— Говорят, оставляют деревья на земле, пока не затрухлявеют. Такие и спасать нечего, — возвращается Томаш Вайсабел к вчерашним новостям по телевизору. — Кто ж это когда видел — оставлять бук на земле?
— И мы работали как умели, — защищает молодых Тибор Бергер.
— Только нас отцы на путь наставляли.
— Лишь бы они были счастливы. — В строгой Гунишихе хороший завтрак берет верх над ощущением вечной несправедливости.
— Счастливый не спрашивает, что такое счастье, недосуг ему спрашивать, коль он счастлив, — вставляет свое слово Димко, довольный тем, что и ему есть что сказать.
— Раз в такой суете живут, значит, счастливы, — рассуждает вслух старый Яро, макая в стакан третий рогалик, хотя молока в нем уже нет.
Первой поднимается Каталин Месарошова и идет к опочившей Иогане Ендрейчаковой. Мертвецкая закрыта.
— Иогана, слышишь, а? — кричит Каталин из-за двери. — Кланяйся нашим!
Ева Канталичова тихо выходит из процедурной; она после ночного дежурства, зевает.
— Укол захотела? — пугает она Месарошову.
— Хорошей буду, хорошей! — пятится Каталин; зрение у нее притупилось.
— Лошадиной иглой уколю, — грозится Ева. — Мертвых оставь в покое, при жизни им тебя хватало.
Каталин уходит в комнату, заваливается на кровать и вполголоса жалобно плачет; ей не с кем поговорить. Только мертвые ее не ругают.
— Нечестивица! — ворчит в столовой взбудораженный Йожка. Он подходит к приемнику и включает его на полную громкость.
— Министр иностранных дел Богуслав Хнёупек прилетел в Варшаву, — сообщает дикторша.
— Хоть на мир поглядит, и то, — вступает старая Болехова. — Была я раз в Трнаве, батюшки светы, ну и грохоту!
Старичье сидит, слушает. По алюминиевым подносам снуют прыткие мухи.
Почтальон Канталич сдает в канцелярии пенсии. Игор Битман делит деньги. Состоятельные платят за себя сами. Кто с заведующим в ладу, и величает его «пан управляющий», и не дебоширит, получает остаток на руки. Алкоголики и смутьяны, с которыми у Битмана ненадобные хлопоты, ничего не получают, разве что двадцать крон на мелкие расходы, да и то зря. Деньги получают родные, когда наведываются сюда.
К парку возле Дома культуры подъезжает школьный автобус. Сегодня рабочая суббота, у детей субботник на школьном участке, где они выращивают овощи для учителей из Лучшей Жизни. У каждого ученика своя грядочка, которую он сегодня прополет, потому как занятия потихоньку кончаются, а сорняк обещает быть буйным. Йожко Битман с одноклассником Пиштинко Моравцем замышляют дать деру с субботника.

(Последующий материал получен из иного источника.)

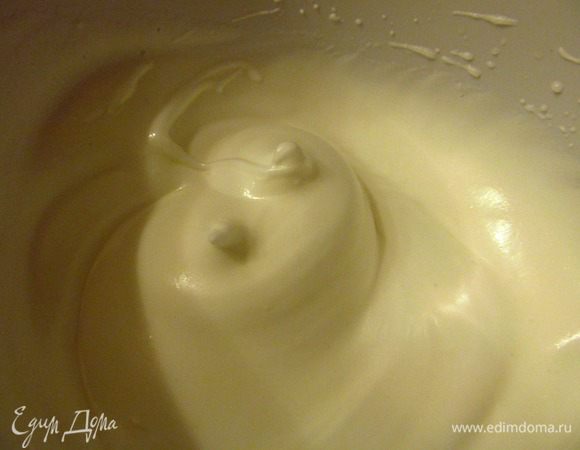 Белки взбиваем до мягких пиков с сахаром, в конце добавляем крахмал.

Иоланкины одноклассники, собираясь на «балдеж» у старой мельницы, друг с друга глаз не спускают. Иоланка точит лясы с маленькой Зузкой Модровичовой о Еве Канталичовой и об ихнем Золо.
Напротив Дома культуры белым слюдяным бризолитом сверкает общее здание почты, торгового центра и национального комитета.

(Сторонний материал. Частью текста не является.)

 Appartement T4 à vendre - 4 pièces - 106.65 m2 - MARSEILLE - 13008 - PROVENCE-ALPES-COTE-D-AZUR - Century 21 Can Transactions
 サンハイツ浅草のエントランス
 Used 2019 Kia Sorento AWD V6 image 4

Яна Швабекова сидит на первом этаже за застекленной конторкой, заведует почтой.
Звонит телефон, в трубке слышится изменчивый голос Евки Милоховой:
— Ваш почтальон в нетрезвом виде безобразничает по деревне!
— Кто у телефона? Пани Милохова? — догадывается Яна: в деревне всего пять частных абонентов.
— Неизвестный друг, — отвечает гораздо более глубокий голос, что озадачивает Яну.
— Он будет привлечен к соответствующей дисциплинарной ответственности, — обещает Яна Швабекова официальным тоном, какой часто слышит по радио.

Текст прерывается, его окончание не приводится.